Greenhouse by Christie Wilson

out the window
neighbors string clear bulbs
across their lawn
fearing the sun will not
be sufficient this spring

morning. I go out to get a haircut
or have oral surgery,
and the highway ferries me
across a field barren
save rows of stalks.

brown, tan, burnt umber
crusting the place where dead
plant meets dust.
the sky so blue, a sign—
WE GROW DREAMS beside

metal arches rib-caging the dirt below,
and while this whale size skeleton
awaits plastic skin of resurrection,
I’ll return to watch the neighbors’ party
with shorter hair or missing teeth.

Christie Wilson lives in Illinois. Her work has appeared in various places, including Bending GenresNew World Writing QuarterlyMoonPark Review, and Pidgeonholes. You can visit her at christie-wilson.com, or follow her on Instagram and Twitter @5cdwilson.
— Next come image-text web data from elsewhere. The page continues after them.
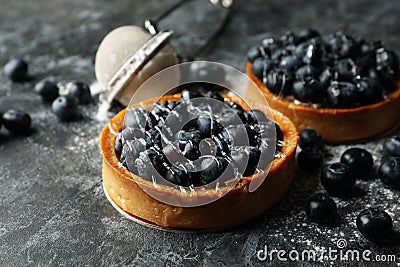 Concept of tasty lunch with blueberry pies on dark background Stock Photo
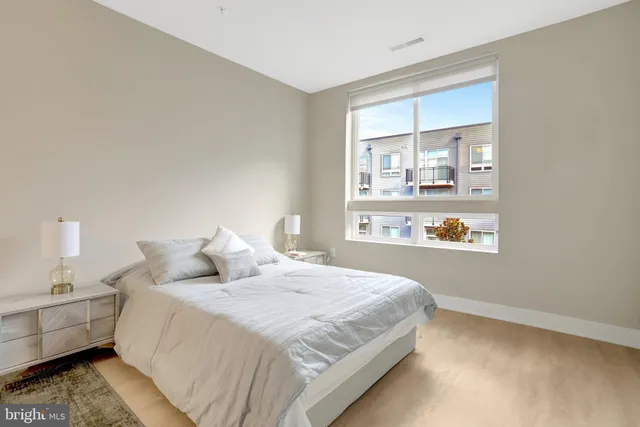 a bedroom with a bed and a window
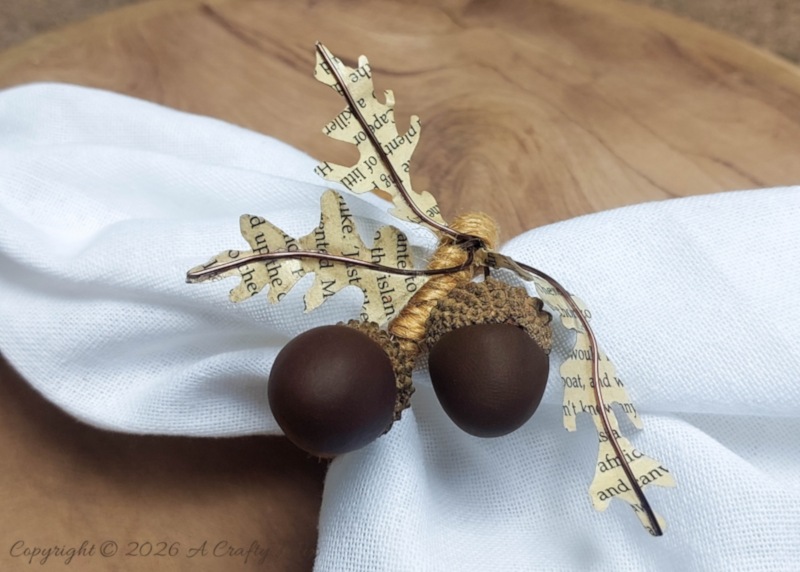 Close-up of handmade DIY acorn napkin rings with clay acorns, real acorn caps, copper wire, and book-page leaves on a white napkin.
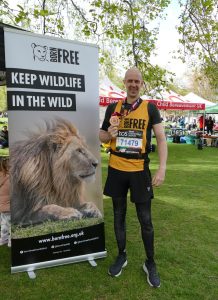 A man standing next to a Born Free banner holding his London Marathon medal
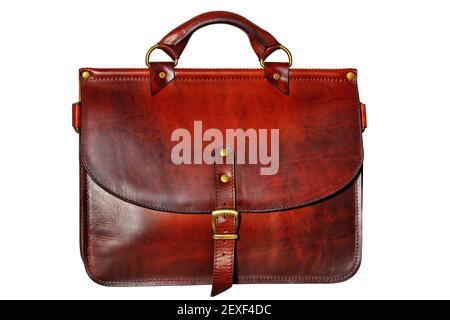 Business stylish strict leather briefcase in red-brown color with a belt buckle in the middle in vintage style isolated on white background. Stock Photo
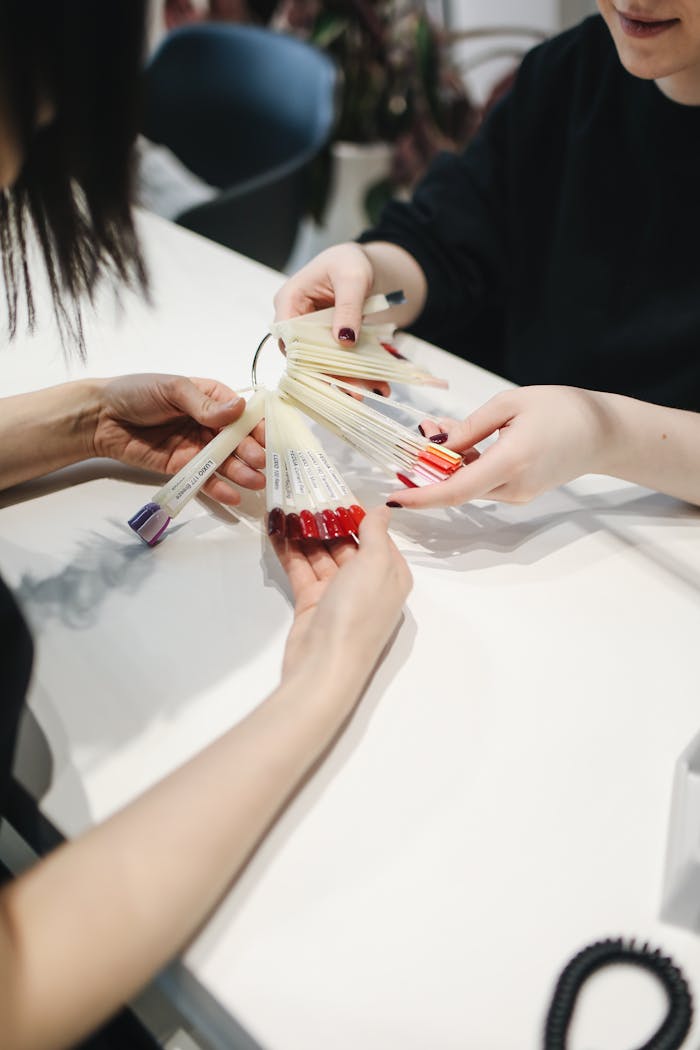 gallery-05 Customer selecting nail polish color at a salon from a sample set.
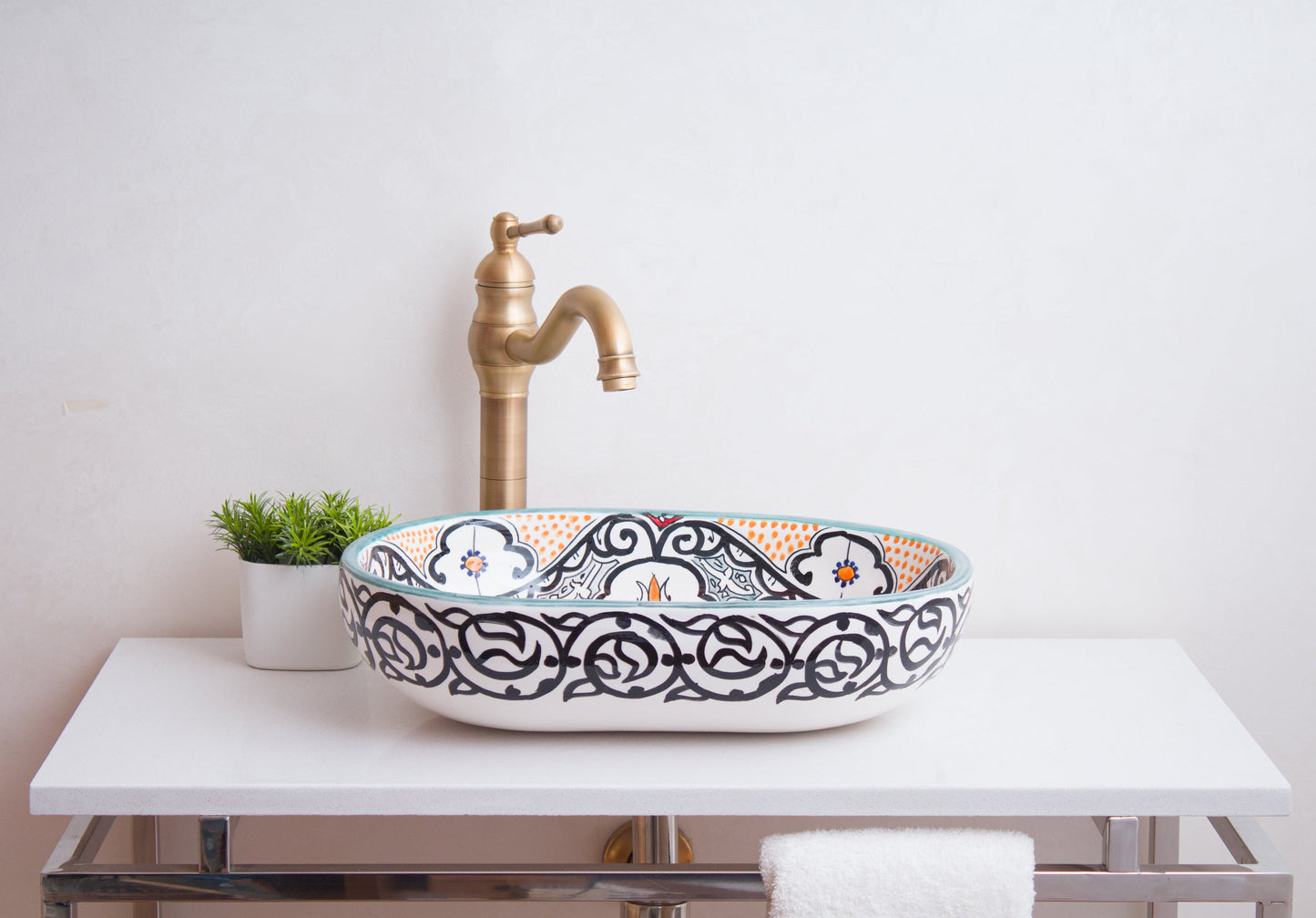 Front lifestyle view of oval vessel sink with traditional brass faucet in bathroom setting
Poem that Begins with Two Lines from a Power Bar Wrapper by Owen McLeod

Life is complicated. Your power bar
shouldn’t be. Your power bar should be
as simple as a paper clip, toothpick, button,
candle, bookmark, spoon, napkin, coat hanger,
scrunchie, crayon, dinner plate, or rubber ball.

Actually, your power bar should be simpler
than that. It should be the simplest thing
in the world, simpler than a dash, a dot,
a Euclidean point. It should be a fundamental
constituent of the universe, so simple
that anything simpler would be nothing.

That’s because your life is complicated—
more complicated than the stock market,
a nuclear reactor, blockchain technology,
cybersecurity, pharmaceutical drug design,
geopolitics, quantum entanglement, consciousness,
and Hegelianism combined. You can’t take
a complicated power bar on top of all that.

I’m talking about your life, not mine.

My life is pretty basic. I take a lot of walks.
I mourn the dying trees. I worry about the fate
of birds. Sometimes I write things down.
But mostly I pray that everyone will make it,
that by some miracle each one of us will find
the power bar we need—that it’s out there,
somewhere, exquisitely simple, an invisible
living signal just waiting to be received.

Owen McLeod is the author of the poetry collections Before After (2023) and Dream Kitchen (2019). His poems have appeared in Copper Nickel, Missouri Review, New England Review, Ploughshares, The Southern Review, The Sun, and many others.